Soon out-shooting, out-bragging, and showing off became integral to frontier culture and a wholly noble pasttime.” …
Santa Anna was an educated, handsome man fro a respected Spanish Colonial family, known for his bravery in battle, his gambling, his womanizing, and tendency to switch loyalties as self-interest dictated. Convinced that Jackson was plotting a coup, Santa Anna made the mistake of issuing orders that always seemed to provoke a Scots-Irish rebellion: he increased taxes, demanded crops be grown for the benefit of Mexico, and ordered the disarmament of the Texas militia. These hardy men of the South never had and never would surrender to such terms that would leave them unarmed and helpless in the face of a despotic government. They poured into the ranks of volunteer citizen-soldiers under Houston’s command. Crockett joined the Volunteer Auxiliary Corps.”
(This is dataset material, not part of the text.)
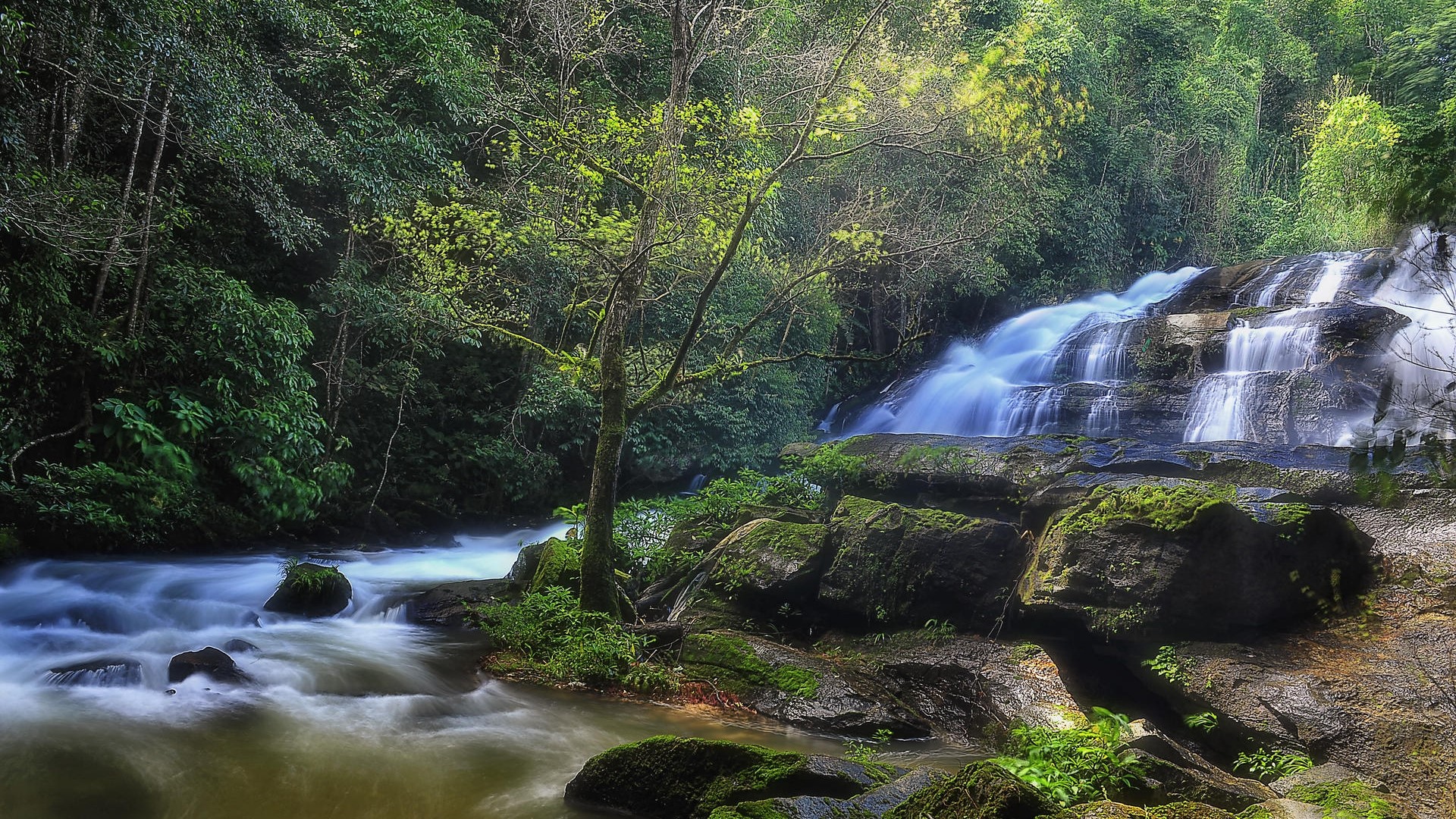 Cascading waterfall in a lush forest HD Wallpaper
There is a reason why the Scots-Irish are so uniquely attached to their guns.
When the Scots-Irish immigrated to America, they moved to the backcountry of Pennsylvania and Virginia where they created a buffer zone between the pacifist Quakers in Philadelphia and the Tidewater planters and the hostile Indians on the frontier who were a menace to the eastern cities.
For generations, Scots-Irish families were terrorized by Indian raids as they subdued and pacified one region after another in the backcountry. They also used their firearms in the American Revolution and the Texas Revolution to win their freedom and independence from Britain and Mexico.
The possession of firearms in the Scots-Irish historical experience has been synonymous with freedom, the safety of their families, and putting food on the table.
Note: This excerpt comes from Karen McCarthy’s The Other Irish: The Scots-Irish Rascals Who Made America.